What is the Romberg test and what is it testing for?

A

It is where the patient stands up and closes their eyes and tries to remain still. This test is to see if there is a possible vestibular injury/lesion resulting in sensory ataxia. A positive test will result in the patient falling or them unable to maintain balance while trying to stand with their eyes closed.
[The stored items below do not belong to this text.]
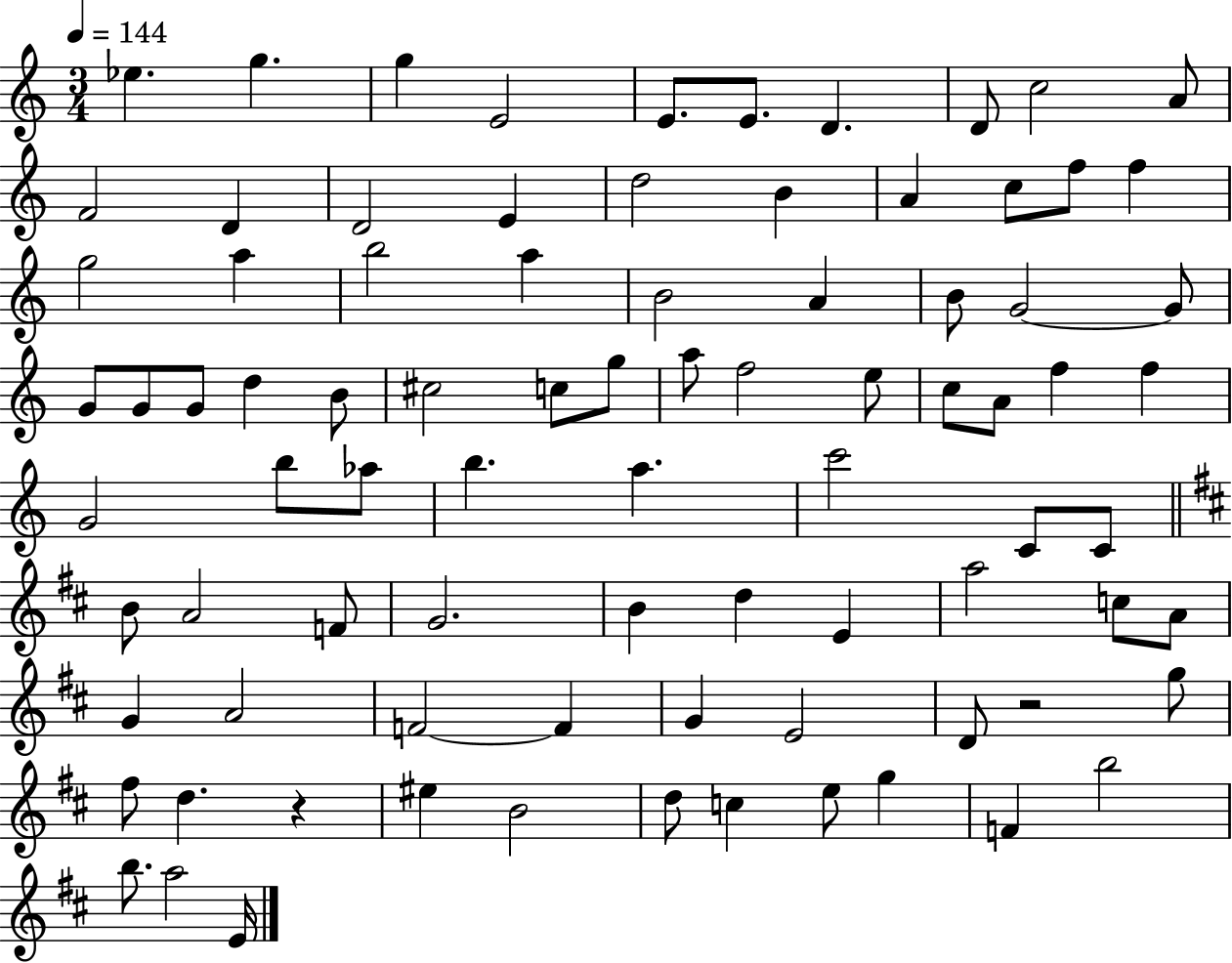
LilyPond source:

{
  \clef treble
  \numericTimeSignature
  \time 3/4
  \key c \major
  \tempo 4 = 144
  \repeat volta 2 { ees''4. g''4. | g''4 e'2 | e'8. e'8. d'4. | d'8 c''2 a'8 | \break f'2 d'4 | d'2 e'4 | d''2 b'4 | a'4 c''8 f''8 f''4 | \break g''2 a''4 | b''2 a''4 | b'2 a'4 | b'8 g'2~~ g'8 | \break g'8 g'8 g'8 d''4 b'8 | cis''2 c''8 g''8 | a''8 f''2 e''8 | c''8 a'8 f''4 f''4 | \break g'2 b''8 aes''8 | b''4. a''4. | c'''2 c'8 c'8 | \bar "||" \break \key d \major b'8 a'2 f'8 | g'2. | b'4 d''4 e'4 | a''2 c''8 a'8 | \break g'4 a'2 | f'2~~ f'4 | g'4 e'2 | d'8 r2 g''8 | \break fis''8 d''4. r4 | eis''4 b'2 | d''8 c''4 e''8 g''4 | f'4 b''2 | \break b''8. a''2 e'16 | } \bar "|."
}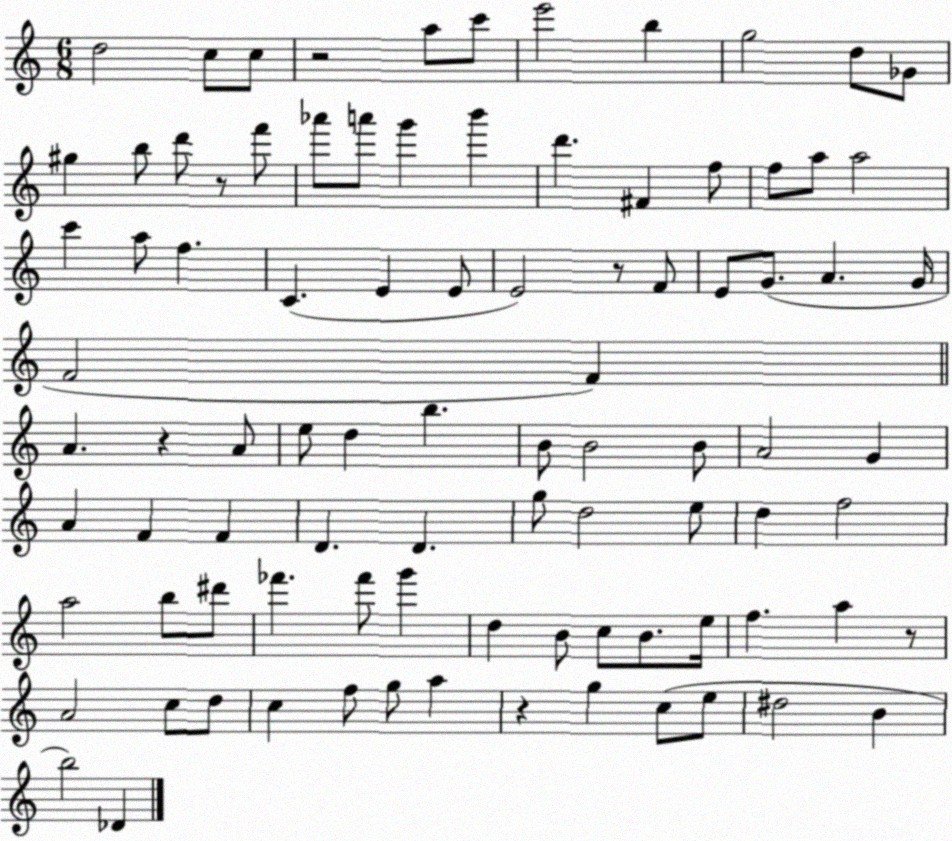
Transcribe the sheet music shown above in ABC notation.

X:1
T:Untitled
M:6/8
L:1/4
K:C
d2 c/2 c/2 z2 a/2 c'/2 e'2 b g2 d/2 _G/2 ^g b/2 d'/2 z/2 f'/2 _a'/2 a'/2 g' b' d' ^F f/2 f/2 a/2 a2 c' a/2 f C E E/2 E2 z/2 F/2 E/2 G/2 A G/4 F2 F A z A/2 e/2 d b B/2 B2 B/2 A2 G A F F D D g/2 d2 e/2 d f2 a2 b/2 ^d'/2 _f' _f'/2 g' d B/2 c/2 B/2 e/4 f a z/2 A2 c/2 d/2 c f/2 g/2 a z g c/2 e/2 ^d2 B b2 _D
If the patient is ataxic but has a negative Romberg test, this could suggest cerebellar ataxia.

73
Q

What are some visceral symptoms of a vestibular system disturbance and what sends these signals?

A

Nausea, vomiting, and pallor sent from disturbances in the reticular formation.

74
Q

What is INO, how does it develop and what are the signs?

A

INO is internuclear ophthalmoplegia. It results from a unilateral lesion of the MLF superior to the abducens nerve. It results in a contralateral disturbance of horizontal gaze. For example, if there is a right lesion, looking left will cause inability to adduct the right eye and nystagmus of the left eye; looking to the right would be normal for both eyes (named Right INO). Accommodation is still in tact (able to cross eyes). INO is named for the side that the eye cannot ADduct.

75
Q

What does the paramedian pontine reticular formation include?

A

Lateral gaze center.

76
Q

What does a lesion to the PPRF cause?

A

Inability to perform horizontal gaze to the SAME side of the lesion.